Answer: Since I only deliver babies on the floor, a hard surface, if the baby’s head is out, but the shoulders are too big to slip under the pubic bone, I pull mom down into a lying down position. Then I tell her to pull both her thighs upwards and outward as far as they can go. While in this position, I ask her to push really hard while I carefully press down on the baby’s head to release the shoulder that is stuck under the pubic bone. Doctors and trained midwives also get mom flat on her back with her knees pulled back as far as they can go while they press down on the baby’s head to free that shoulder from under the pubic bone.
I’ve tried Ina May’s hands and knees position, what she calls the Gaskin Maneuver, but it doesn’t work nearly as well as this position, in my opinion! It was taught to me by a local Las Vegas Obstetrician many years ago.

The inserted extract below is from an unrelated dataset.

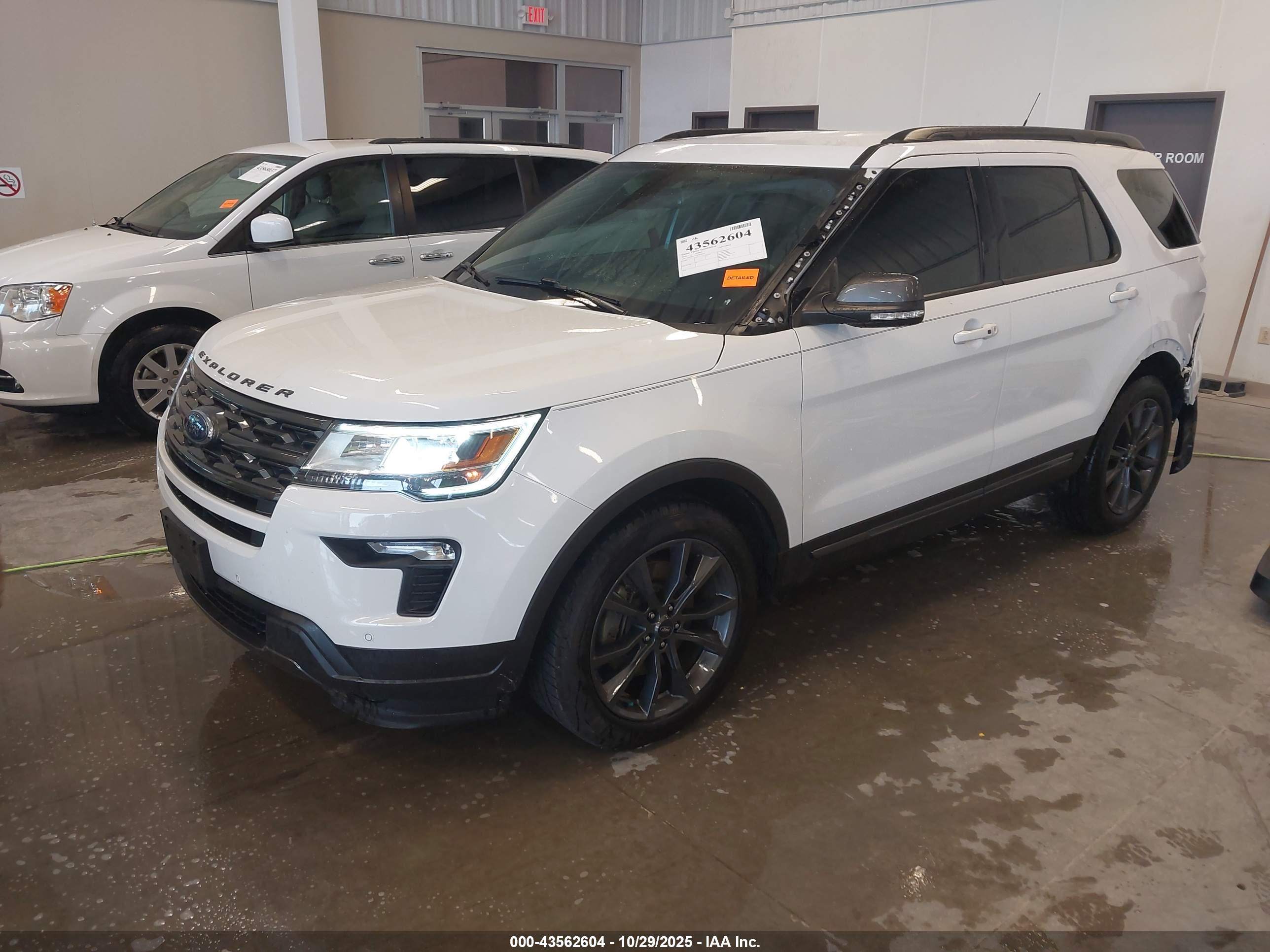 FORD EXPLORER image 2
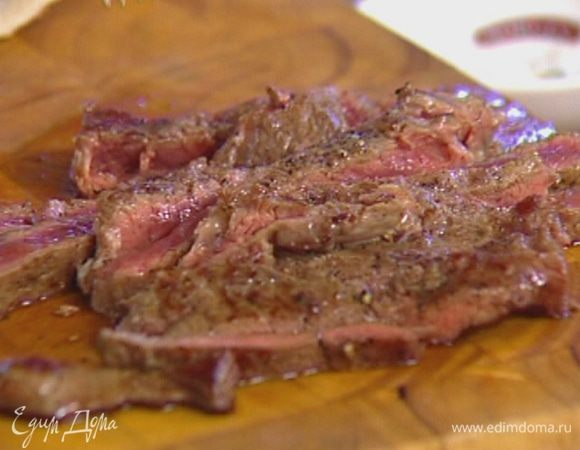 Снять мясо со сковороды и дать ему отдохнуть пару минут, затем тонко нарезать.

In water it is really difficult to get that shoulder to release because the head has to be able to drop down with the help of gravity and the water prevents that from happening like it does in an air birth.
Shoulder dystocia happens in about 1 in every 200 births.
Shoulder dystocia is a medical emergency. When the baby is stuck, they cannot breathe and the umbilical cord may be squeezed. They will need help to be born quickly so they can get enough oxygen. It can also cause a fracture of the baby’s collarbone or upper arm, nerve damage affecting the shoulders, arms, hands or fingers, brain damage or speech disability. Sadly, there is a risk that lack of oxygen during birth can lead to brain damage or even death.
As seen in the following picture, when I encounter a shoulder dystocia, as I said, I get mom in a strict flat on her back position on the floor (has to be a hard surface, not a soft bed and definitely not in water), pull her knees up as far as they will go, and while I am pressing down (carefully) on the baby’s head, my assistant puts fundal (top of the uterus) pressure in a downward direction. I have gotten many “stuck” babies out this way without any harm coming to them.
Doctors are telling mothers not to push when there is a shoulder dystocia, but they tell a nurse to put fundal pressure (on top of the uterus) and another nurse to put supra-pubic pressure by the pubic bone (like in this picture) and PUSH the baby out. Why can’t the mother push then? Such contradictions. I always have the mother push as hard as she can when her baby is stuck. If the baby doesn’t come with her pushes, we help by doing what the nurses are told to do in the hospitals. Mothers helping push are completely necessary!